After stating the case: It is contended by the defendant that plaintiff has failed to offer any evidence of the alleged overcharge. The burden was upon the plaintiff to show that the amount charged by defendant was in excess of the rate specified in the published tariffs. (Rev., sec. 2642.) The only evidence offered by plaintiff as to the published rate was a certificate of the secretary of the Interstate Commerce *Page 463
Commission, showing that the rate on automobiles from Detroit, Mich., to Richmond, Va., was a certain amount, and that the rate from Richmond to Wadesboro was a certain amount. But the claim papers filed by plaintiff with defendant, and offered in evidence by plaintiff, show that the shipment in question did not move by way of Richmond, Va., but over an entirely different route. The bill of lading showed that the shipment moved over the line of the C. C. O. R. Company and was by that carrier delivered to defendant's line at Bostic, N.C. (397) The freight bills showed that defendant received this shipment at Bostic, N.C. (the junction point), and transported it to Wadesboro. It therefore follows that the certificate showing what the published rate was, if the shipment had moved by way of Richmond, Va., is no evidence whatever as to what is the correct or published rate when the shipment moved by way of Bostic, N.C. The defendant was entitled to charge according to the rate allowed over the route by which the shipment was made, nothing else appearing. The charge over one route may not be the same as the charge over a different route, for this Court has held that the rate between two points in one direction is not necessarily the same as that between the same points when the shipment moves in an opposite direction, and, a fortiori, when it moves in a different direction or by a different route. There was no evidence that the rates were published as required by the Interstate Commerce act. This question was decided inPeanut Co. v. R. R.,
As to the penalty. This Court has upheld Revisal, sec. 2644, against attack based upon the grounds that it denied to the carrier the equal protection of the law, due process of law, and because it conflicted with the commerce clause of the Federal Constitution, but defendant now contends that recent amendments of Congress have so completely taken possession of the field of commerce as to exclude the power of the State to legislate with respect to interstate shipments. The cases in which a State may exercise power over the general subject of commerce may be divided into three classes: first, those in which the power of the State is exclusive; second, those in which the State may act in the absence of Federal legislation; and, third, those in which, the subject being national in character, the action of Congress is exclusive and the State cannot interfere at all. Harrill v. R. R.,
The Court held, in R. R. v. Reid, supra, passing upon the validity of our statute, Revisal, sec. 2631, in regard to the penalty for refusing to receive freight which has been duly tendered, that inhibitive legislation of Congress is not essential to exclude that of a State upon incidental matters relating to interstate commerce, with respect to which both had a concurrent power, it being sufficient to do so if the congressional legislation occupies the field of regulation, and they said that "there is scarcely a detail of regulation which is omitted to secure the purpose to which the Interstate Commerce act is aimed. It is true that (398) words directly inhibitive of the exercise of State authority are not employed, but the subject is taken possession of." It then concludes that the statute imposing the penalty, being an invasion of the field of interstate commerce, is invalid.

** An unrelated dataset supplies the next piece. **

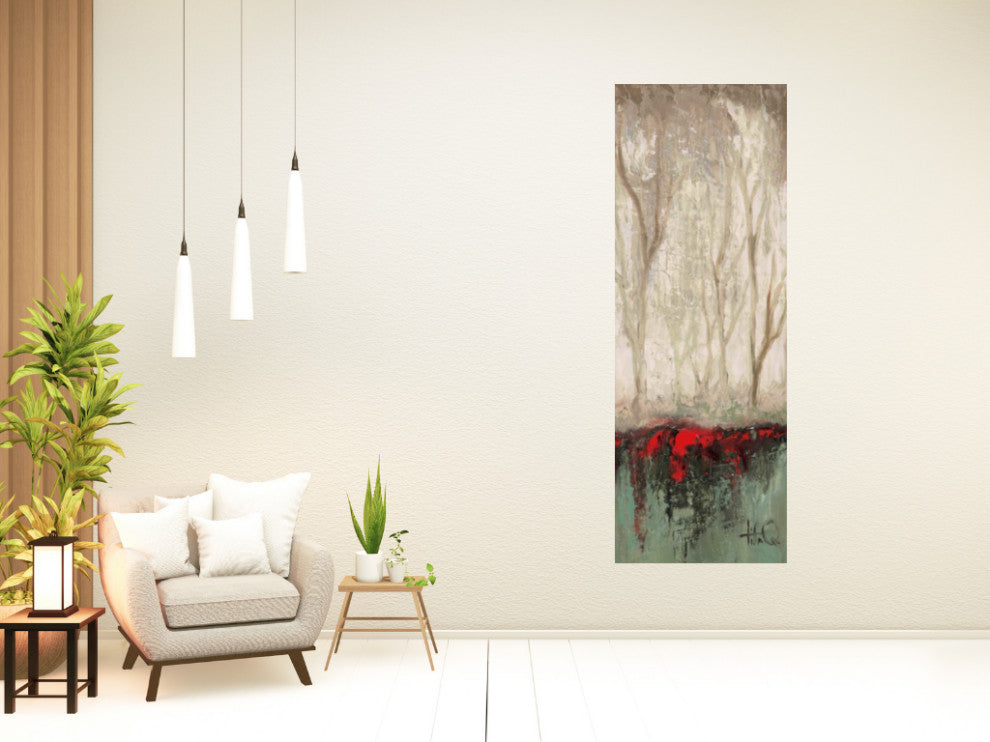 Abstract Roots in the Forest Watercolor 3 Giclee Wrap Canvas Wall Art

The same Court said, in R. R. v. Washington,
An examination of the Interstate Commerce act, as amended, will disclose that, upon the subject of rates, Congress has taken entire control, and especially as to excessive charges on them, or those not corresponding with the rates authorized, filed and published. It is not necessary that we should state its provisions more specifically. The following cases sustain our view in regard to the act and its legal effect upon the validity of the penalty imposed by Revisal, secs. 2643, 2644. Express Co. v. Croninger,
1. A State law not contrived in aid of the policies of Congress, but to enforce a policy of the State differently conceived, cannot be said to be in aid of interstate commerce.

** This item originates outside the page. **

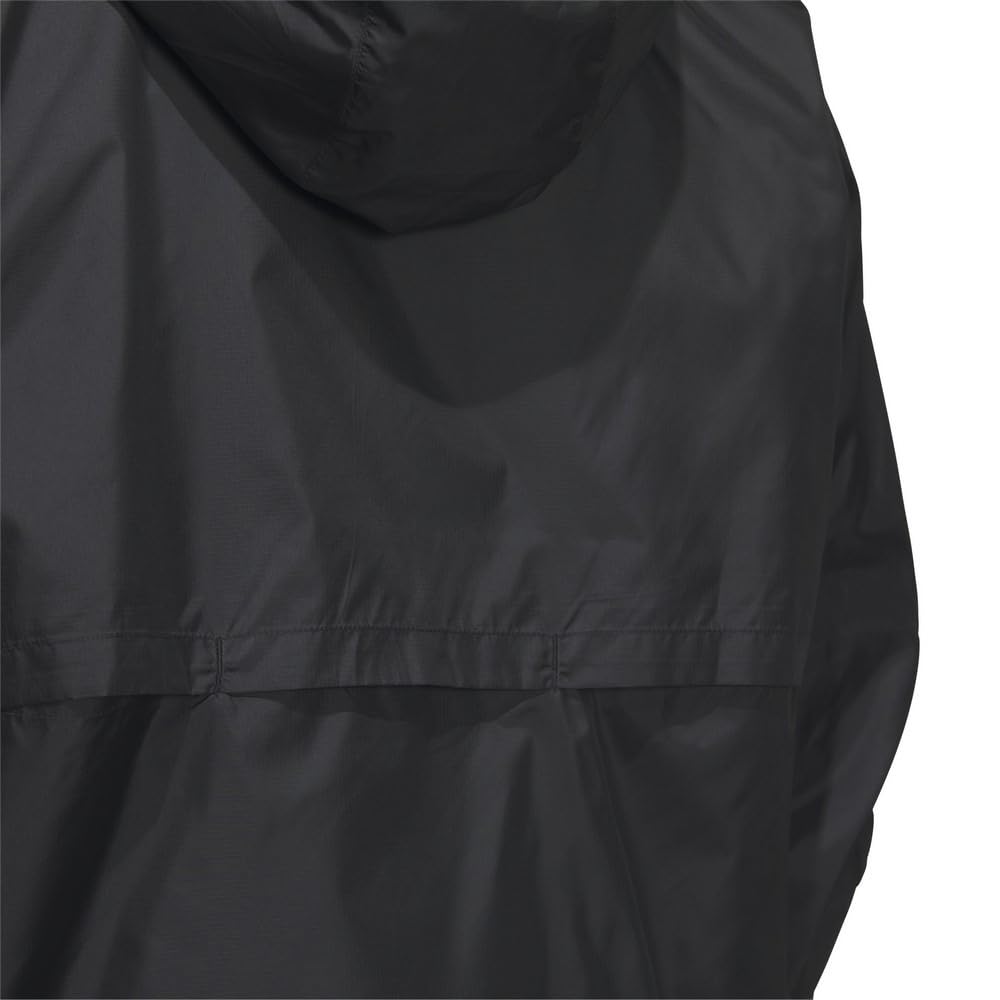 adidas Essentials Plus Windbreaker Jacket and 3-Stripe KWE95-JF3912 (Black White/LL/Men's)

2. When Congress has taken the particular subject-matter in hand, coincidence of a State statute is as ineffective as opposition, and a State law on the same subject cannot be sustained as a help to the Federal statute because it goes farther than Congress has seen fit to go.
3. A State statute which is a burden on interstate commerce is (399) not saved by calling it an exercise of police power.
4. Section 2573, Code of 1912, of South Carolina, imposing a penalty on carriers for failure to settle or adjust claims within forty days, is an unconstitutional burden on interstate commerce, and is also in conflict with the provisions of the act to regulate commerce, as amended by the act of 29 June, 1906 (Carmack amendment).
5. R. R. v. Mazursky,
This Court said, in Marble Co. v. R. R.
There was error in the refusal of the court to grant the nonsuit, for which we reverse the judgment.
Reversed. *Page 466
Erie Railroad v. New York ( 1914 )
Boston & Maine Railroad v. Hooker ( 1914 )
Adams Express Company v. Croninger ( 1912 )
Missouri, Kansas & Texas Railway Co. v. Harris ( 1914 )
Chicago, Rock Island & Pacific Railway Co. v. Hardwick ... ( 1913 )
Virginia-Carolina Peanut Co. v. Atlantic Coast Line Railroad ( 1914 )
Charleston & Western Carolina Railway Co. v. Varnville ... ( 1915 )
Covington & Cincinnati Bridge Co. v. Kentucky ( 1894 )
Western Union Telegraph Co. v. James ( 1896 )
Atlantic Coast Line Railroad v. Mazursky ( 1910 )
Northern Pacific Railway Co. v. Washington Ex Rel. Atkinson ( 1912 )
Southern Railway Co. v. Railroad Commission of Indiana ( 1915 )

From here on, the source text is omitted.